The role of the dopaminergic system in visual performance has been well established. 41 Visual functions controlled partially by dopamine, such as contrast sensitivity and color vision deficits, have been observed in dopaminergic pathologies, like Parkinson's disease. 4244 The RNFL has been documented in this group of patients to be thinner compared to controls. Hence the role of dopamine has been postulated to be involved not only in the functional, but also the structural deficits. Contrast sensitivity deficits 41 and color vision deficits 45 also have been observed in schizophrenia patients. Therefore, the RNFL thinning observed in our study could be attributed to the dopamine dysregulation. Dopamine affects color discrimination more over the tritan axis due to the sparsely distributed blue cones and lack of off-center/on-surround inhibition. 44 Although the hue discrimination deficit in schizophrenia is not tritan axis–specific, there are general color discrimination deficits documented in schizophrenic patients. 45 Moreover, tritan axis–specific color discrimination deficit have been documented in other disease conditions with elevated dopamine, such as Gilles de la Tourette Syndrome. 41 Shuwairi et al. 45 even suggested that dopamine excess may produce general dysfunction in color discrimination, while dopamine deficiency may produce hue deficit, which is axis-specific.
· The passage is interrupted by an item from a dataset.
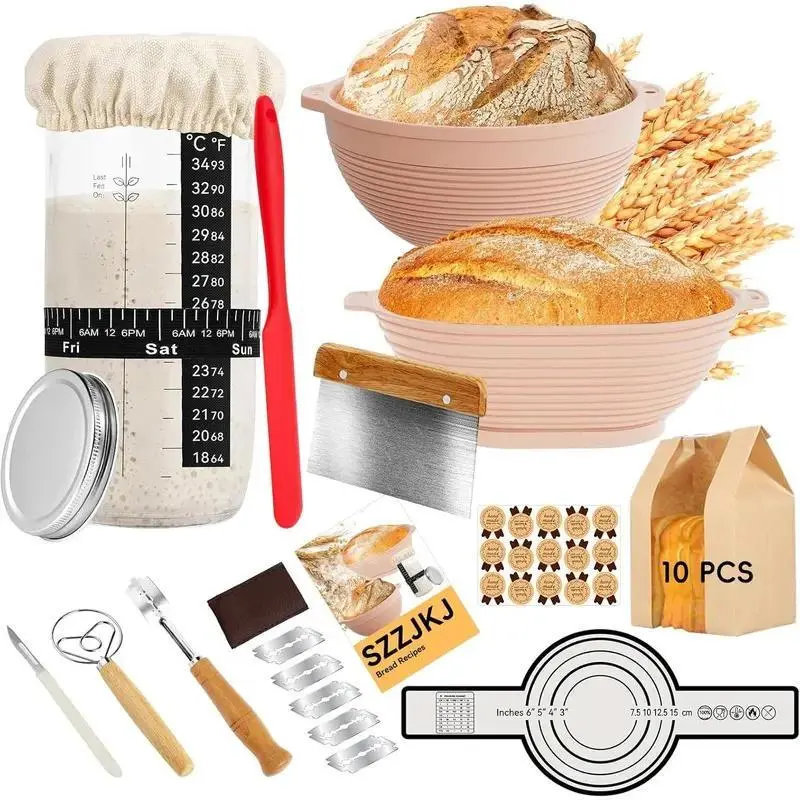 24-Piece Baking Supplies Set - Aluminum Bakeware Utensils Kit with 2 Round Silicone Bread Fermentation Baskets, Includes 10 Bread Bags, Ideal for Beginners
Degree of susceptibility of dopaminergic degeneration is not clearly established. 21 However, the retina with dopaminergic deficiency has been shown to lose a subset of retinal amacrine cells. 22 It is possible to postulate that dysregulated dopamine input to ganglion cells may lead to abnormal production of glutamate and affect the efficacy of the neurochemical systems contributing to atrophy of these fibers. Therefore, the RNFL thinning observed in our study could be an effect of neurodegeneration or neurochemical dysregulation. 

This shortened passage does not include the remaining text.